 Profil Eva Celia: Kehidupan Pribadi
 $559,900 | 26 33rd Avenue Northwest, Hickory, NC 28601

--

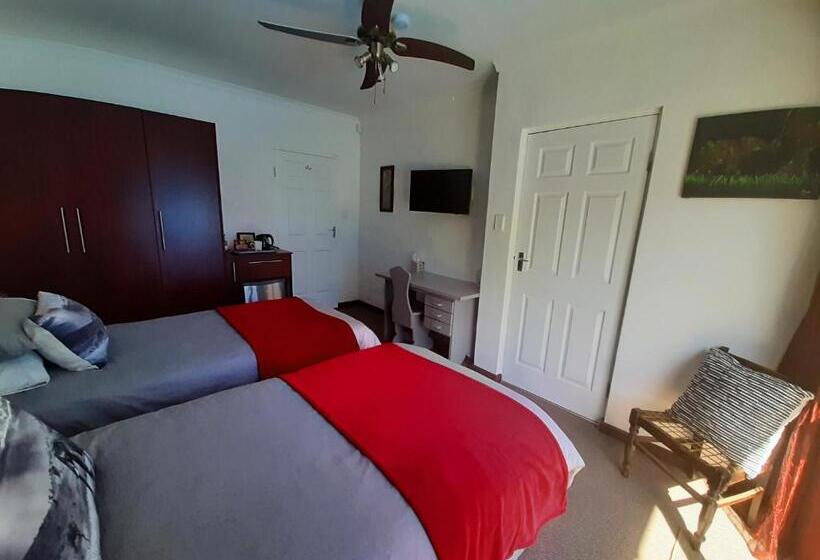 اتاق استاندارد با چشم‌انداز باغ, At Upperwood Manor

...

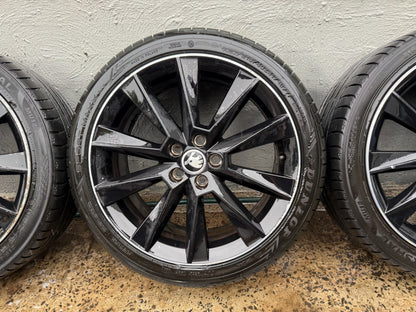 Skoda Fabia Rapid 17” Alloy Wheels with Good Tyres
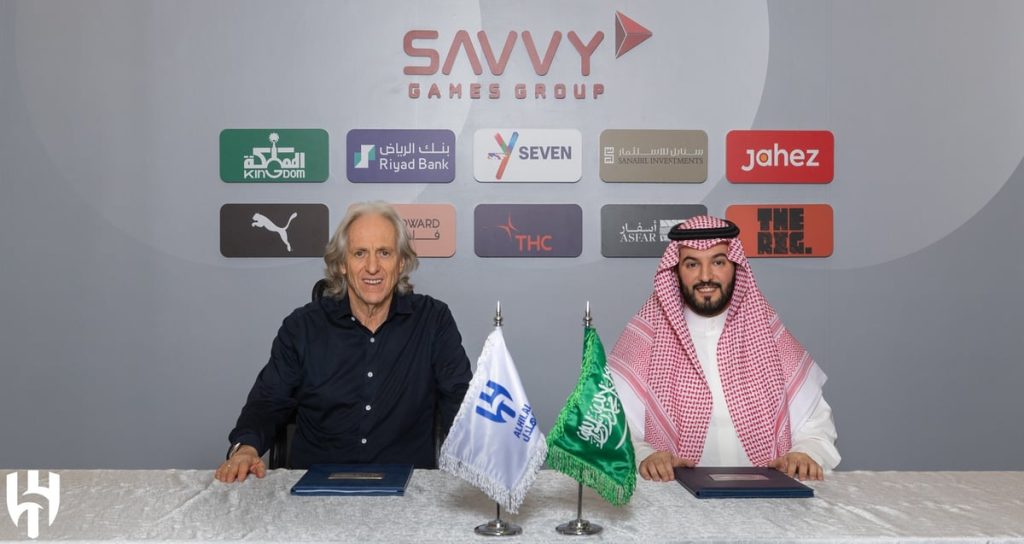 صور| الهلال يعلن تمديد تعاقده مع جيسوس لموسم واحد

> **Task directions**: Above are the records; from them, give again exactly the lines from the one containing "Profil Eva Celia: Kehidupan Pribadi" to the one containing "Hickory, NC 28601", both lines included, and nothing more.

> **Task solution**:
 Profil Eva Celia: Kehidupan Pribadi
 $559,900 | 26 33rd Avenue Northwest, Hickory, NC 28601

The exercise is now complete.